Peut-être ! Elle n’empêche pas toutefois, un certain
bon sens, si l’on en croit la réflexion de cet engagé de 1916, déclarant au
médecin qui l'estime imbécile : « s'il
était intelligent, il ne se serait pas engagé »
[6] ?
!!
En
1918, dans la revue des États généraux du tourisme un auteur anonyme affirme
son opinion, sans ambiguïtés, ni faux-fuyants : «
Il est certain que la guerre fait disparaître beaucoup d'hommes jeunes ou dans
la force de l'âge, dont la perte est déplorable pour les nations et pour
l'humanité en général. Elle élimine trop souvent les individus supérieurs
en intelligence, en activité, en vertus morales, pour laisser survivre des
individus plus médiocres physiquement, et surtout moralement. Il y a là une sélection
à rebours, une élimination non des types inférieurs, mais des supérieurs,
d'où un abaissement général du niveau de capacité et d'efficience. Il ne
faudrait toutefois pas exagérer l'influence déterminante de la guerre par élimination
des types supérieurs. Il ne faut pas oublier que le moule en reste intact :
la femme. Car la femme joue un rôle considérable dans la transmission des
qualités qui font l'homme supérieur ; et elle reste capable d'engendrer une
progéniture qui vaudra la population masculine détruite. Tant d'hommes doivent
leurs plus belles qualités à leur mère. Encore une fois le monde subsiste et
la création de types équivalents à ceux que la guerre a fauchés reste
possible et se fera. Ce serait une grande erreur de croire que c'est surtout le
père qui fait l'enfant, moralement et intellectuellement : ce dernier est tout
autant, et souvent plus encore, l'œuvre de la mère.[7]
»
Ce
texte de la revue des états généraux du tourisme, revue des plus officielles
est intéressant s’il reflète l’opinion générale de la population de l’époque.

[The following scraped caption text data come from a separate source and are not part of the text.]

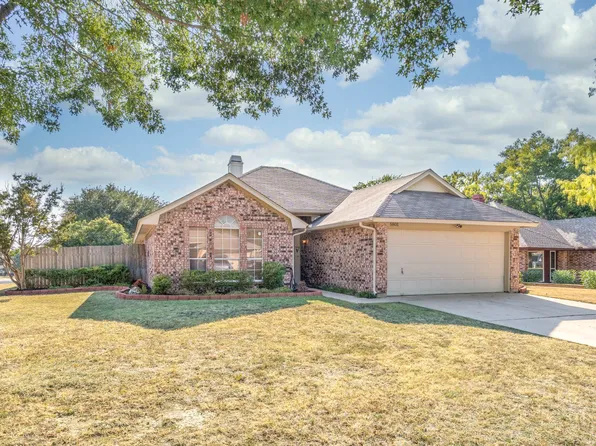 5801 Stone Meadow Ln, Fort Worth, TX 76179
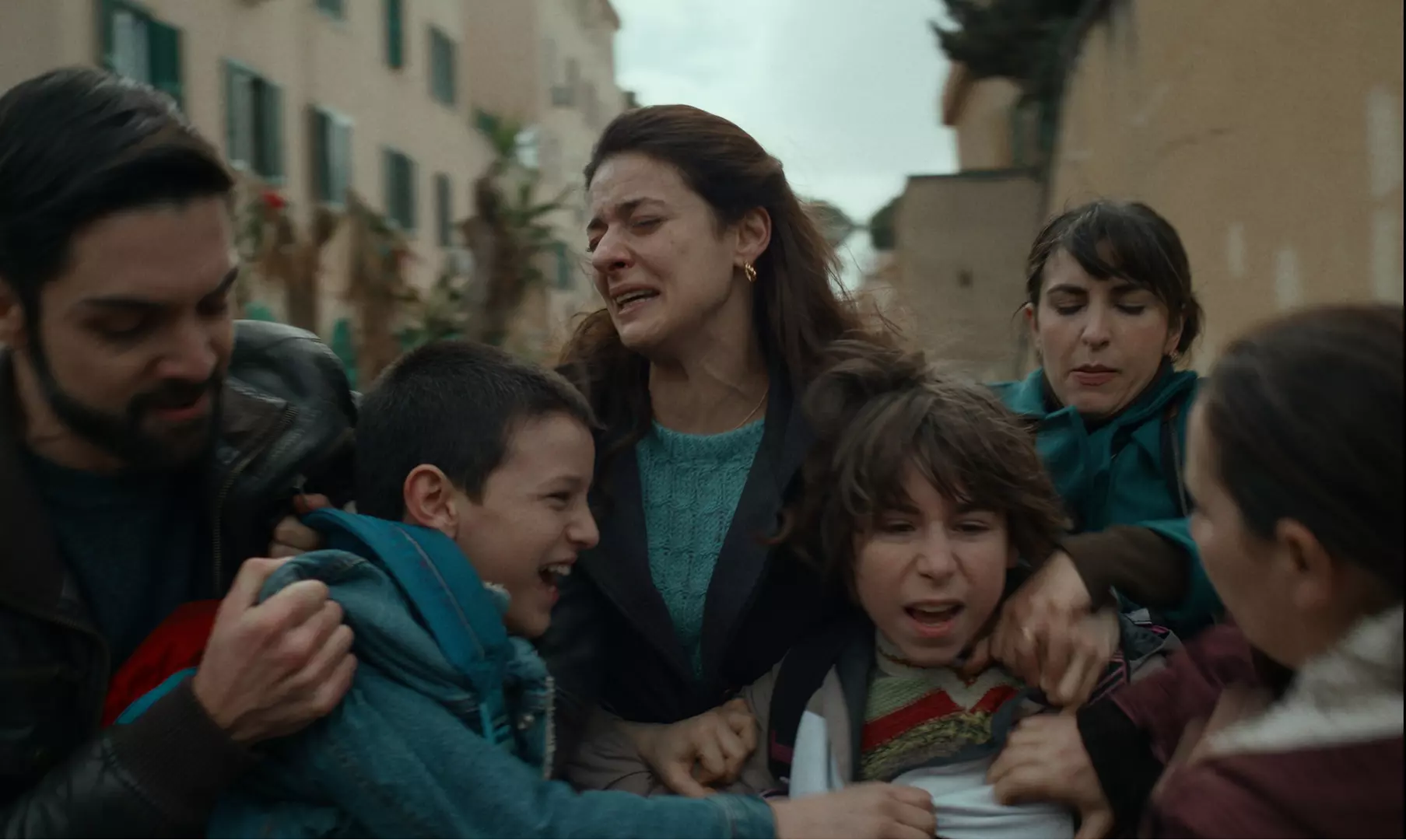 |Crítica| 'Família' (2025) - Dir. Francesco Costabile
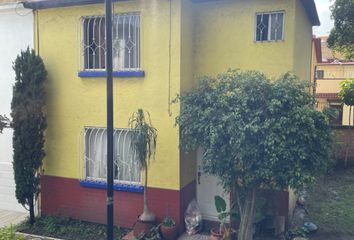 Casa en  Colector La Quebrada, Santa Maria Guadalupe, Cuautitlán Izcalli, Estado De México, México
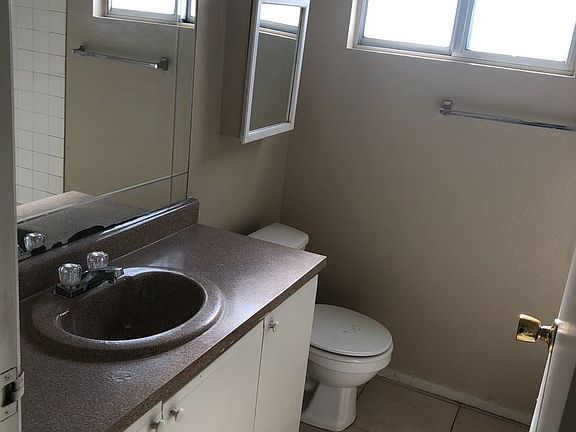 3rd image of 717 Lilly Ln #6260239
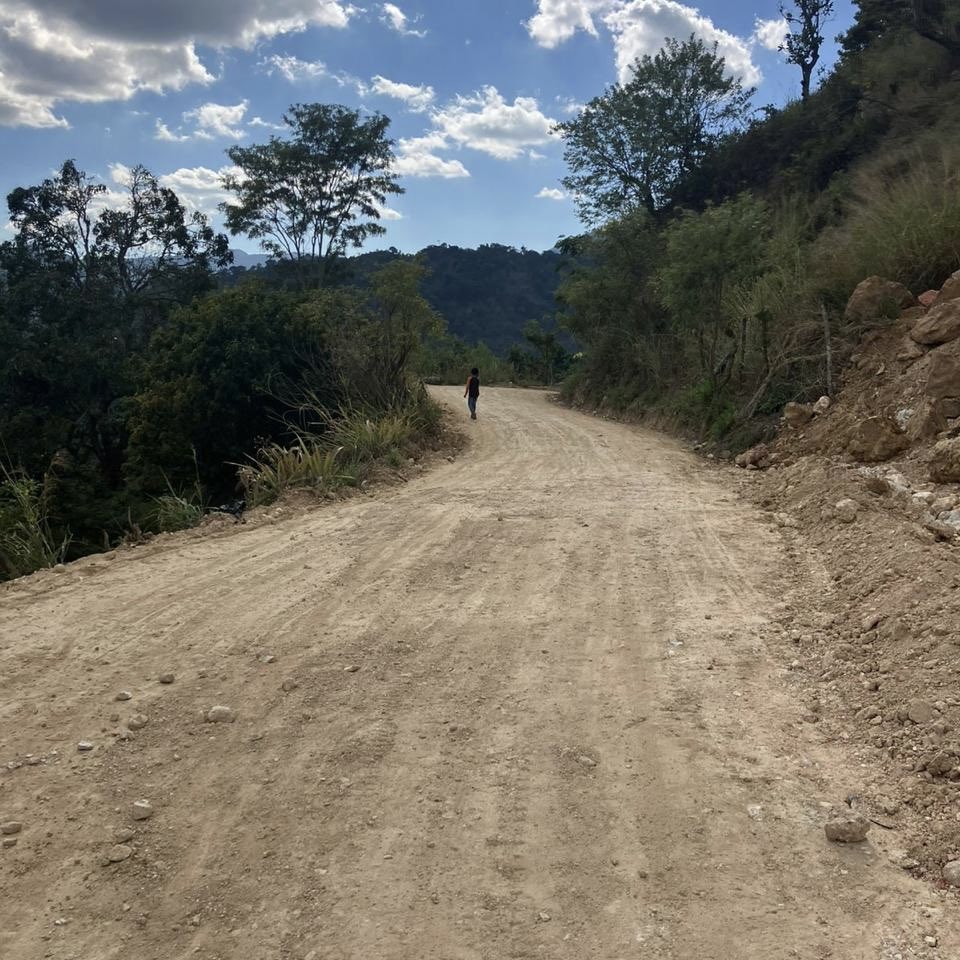 OnlyenmiGuate's tweet photo. El Salvador inaugurando un nuevo periférico / Guatemala inaugurando una nueva calle de tierra. 

¿Pedir un ministro capaz en el @CIV_Guatemala es mucho pedir? https://t.co/jiCZxin73m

Le rôle des femmes et des mères est valorisé pendant la Grande Guerre. Il le
sera moins après. Apparaît ici, clairement, l’importance de l’éducation
des enfants par les femmes. Des femmes conçues comme un objet, un moule qui
peut avoir des défauts. Défauts corrigés par l’éducation et par les femmes
jugées responsables de ces défauts. Les hommes peuvent ainsi toujours
reprocher à leurs femmes les défauts de leurs fils. Nous sommes ici face à un
article de propagande, de renforcement idéologique. Toutefois, il peut venir à
l’esprit que l’homme qui a rédigé cet article (il n’existe quasiment pas
de femmes journalistes à l’époque) soit lui-même affligé d’une tare,
donc susceptible de tomber sous le coup de la nouvelle loi, avec le risque d’être
mobilisé et envoyé au front. Avec la Loi Dalbiez ont été mobilisés de
nouveaux soldats généralement inaptes au combat et à la vie militaire.
S’ils ont renforcé, un temps, des effectifs qui fondaient à vue d’œil,
leur utilisation s'est avéré une charge supplémentaire aux armées et à la
société civile. Beaucoup se sont retrouvés dans des asiles à la charge de la
collectivité pour de nombreuses années. L’eugénisme espéré n'a pu se réaliser
tant il est vrai qu’il faut à la guerre des guerriers en bonne forme physique
et mentale.
![]()
[1]Colin
, Lautier, Magnac Annales médico-psychologiques, octobre 1916 p. 541
[2]
id.p.541-542
[3]
Dans nos dossiers de militaires fous, l’un d’eux est interné car il est
incapable, comme sentinelle, de se rappeler le mot de passe, mettant ainsi
en danger ses camarades
[4]
op cit p.544
[5]
op cit p.542
[6]
op. cit. p. 541
[7]
Anonyme. La race et la guerre in Le Pays de France, n° 211, 31/10/1918 p.